> [Material for this task]:
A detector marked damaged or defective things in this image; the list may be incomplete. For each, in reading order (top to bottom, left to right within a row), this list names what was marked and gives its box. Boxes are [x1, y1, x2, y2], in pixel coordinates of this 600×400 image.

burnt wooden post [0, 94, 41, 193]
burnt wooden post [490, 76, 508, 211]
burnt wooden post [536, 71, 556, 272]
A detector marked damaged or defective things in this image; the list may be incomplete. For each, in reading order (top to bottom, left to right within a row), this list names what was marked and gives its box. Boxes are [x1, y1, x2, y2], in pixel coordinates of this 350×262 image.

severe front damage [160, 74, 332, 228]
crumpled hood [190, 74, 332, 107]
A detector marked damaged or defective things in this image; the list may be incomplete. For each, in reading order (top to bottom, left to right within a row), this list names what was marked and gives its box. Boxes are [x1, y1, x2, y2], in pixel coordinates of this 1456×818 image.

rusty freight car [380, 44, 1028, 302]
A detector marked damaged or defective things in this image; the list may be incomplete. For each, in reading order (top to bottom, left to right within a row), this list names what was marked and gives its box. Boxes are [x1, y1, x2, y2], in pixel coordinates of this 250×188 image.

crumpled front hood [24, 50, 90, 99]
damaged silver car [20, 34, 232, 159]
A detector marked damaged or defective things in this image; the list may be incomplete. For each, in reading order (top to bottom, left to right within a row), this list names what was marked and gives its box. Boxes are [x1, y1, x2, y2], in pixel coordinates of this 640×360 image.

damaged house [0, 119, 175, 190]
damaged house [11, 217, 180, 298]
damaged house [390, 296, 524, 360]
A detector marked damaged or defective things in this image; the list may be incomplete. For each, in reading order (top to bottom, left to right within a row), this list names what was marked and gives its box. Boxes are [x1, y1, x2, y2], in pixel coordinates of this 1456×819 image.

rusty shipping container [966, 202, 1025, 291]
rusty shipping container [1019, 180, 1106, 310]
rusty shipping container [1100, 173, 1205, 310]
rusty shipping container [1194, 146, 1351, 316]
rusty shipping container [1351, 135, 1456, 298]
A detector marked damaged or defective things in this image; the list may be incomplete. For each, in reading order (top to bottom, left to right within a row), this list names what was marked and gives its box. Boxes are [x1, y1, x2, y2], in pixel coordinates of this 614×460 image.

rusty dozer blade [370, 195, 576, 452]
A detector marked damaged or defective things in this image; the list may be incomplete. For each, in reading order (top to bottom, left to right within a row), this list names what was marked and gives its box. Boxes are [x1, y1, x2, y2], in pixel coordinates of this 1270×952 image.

> [Exercise requirements]: Where a line contains "this 614×460 image.", begin there and output each line through the end of the data above, exactly; give no other lines.

> [Response to this task]:
A detector marked damaged or defective things in this image; the list may be incomplete. For each, in reading order (top to bottom, left to right within a row), this list names what was marked and gives its box. Boxes are [x1, y1, x2, y2], in pixel coordinates of this 614×460 image.

rusty dozer blade [370, 195, 576, 452]
A detector marked damaged or defective things in this image; the list may be incomplete. For each, in reading order (top to bottom, left to right within a row), this list names what was marked and gives its box. Boxes are [x1, y1, x2, y2], in pixel coordinates of this 1270×952 image.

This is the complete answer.